*Task instructions*: Keep every word of the listing and reproduce it exactly, but set aside any image found there.

*Dataset content*:
-------
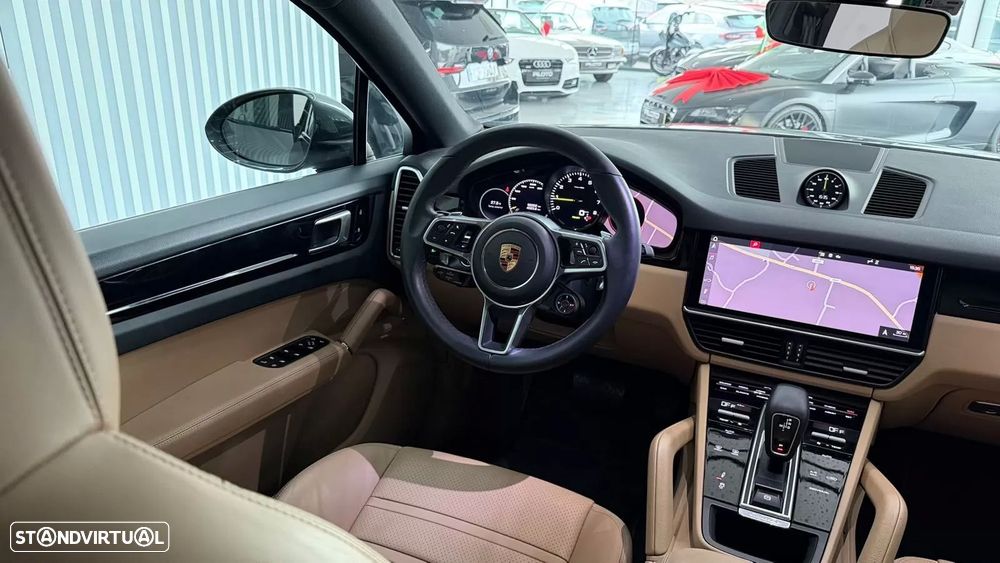 Porsche Cayenne Coupé E-Hybrid - 16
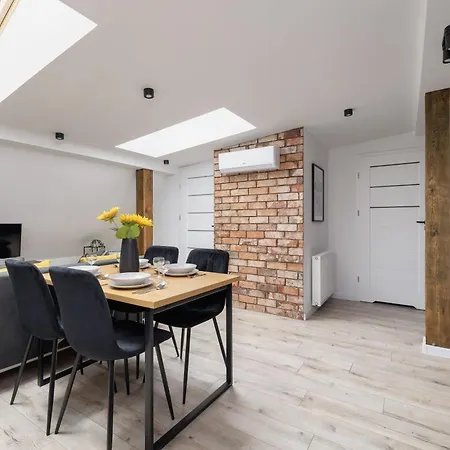 Cosy Kosciuszki Near The Main Train Station By Renters Apartment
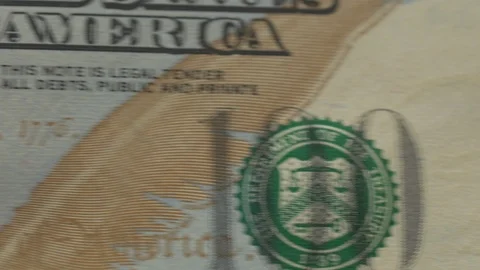 Tracking macro of Benjamine Franklin's face on the US one hundreed dollar bill. 스톡 동영상 123813255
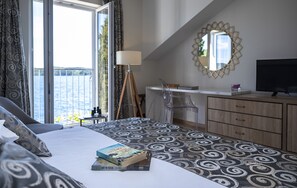 5 chambres, coffres-forts dans les chambres, bureau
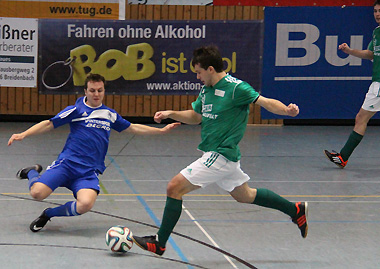 Auch der 20. INTERSPORT - BEGRO CUP des FV Breidenbach mit BOB - Eine Spielszene aus der Partie FV Breidenbach gegen den FV Wallau - vor dem BOB-Banner im Hintergrund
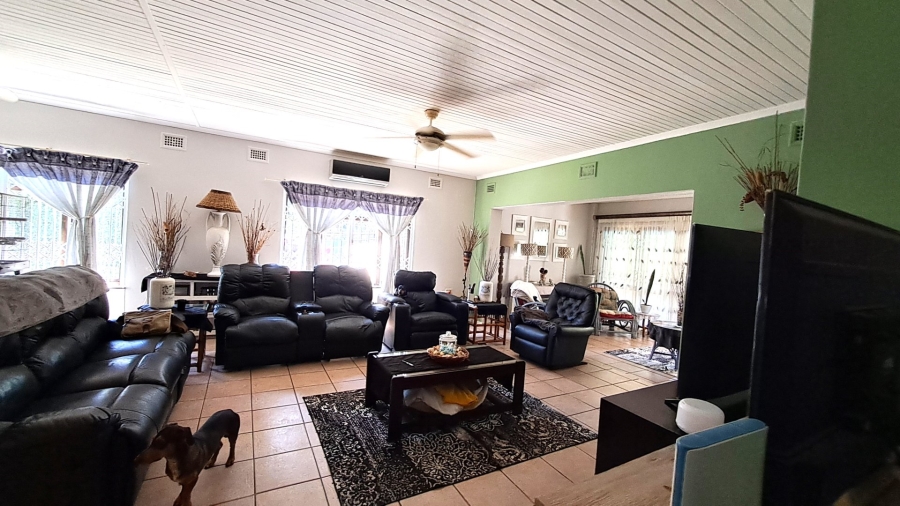 4 Bedroom Property for Sale in Glenmore KwaZulu-Natal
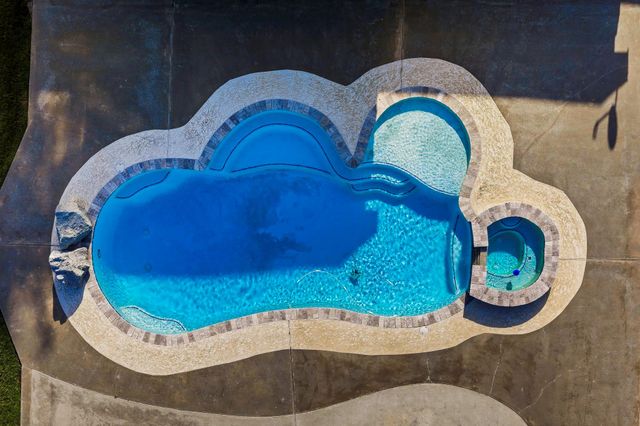1109 Soda Loop E, Livingston, TX 77351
-------
*Task result*:
 Porsche Cayenne Coupé E-Hybrid - 16
 Cosy Kosciuszki Near The Main Train Station By Renters Apartment
 Tracking macro of Benjamine Franklin's face on the US one hundreed dollar bill. 스톡 동영상 123813255
 5 chambres, coffres-forts dans les chambres, bureau
 Auch der 20. INTERSPORT - BEGRO CUP des FV Breidenbach mit BOB - Eine Spielszene aus der Partie FV Breidenbach gegen den FV Wallau - vor dem BOB-Banner im Hintergrund
 4 Bedroom Property for Sale in Glenmore KwaZulu-Natal
1109 Soda Loop E, Livingston, TX 77351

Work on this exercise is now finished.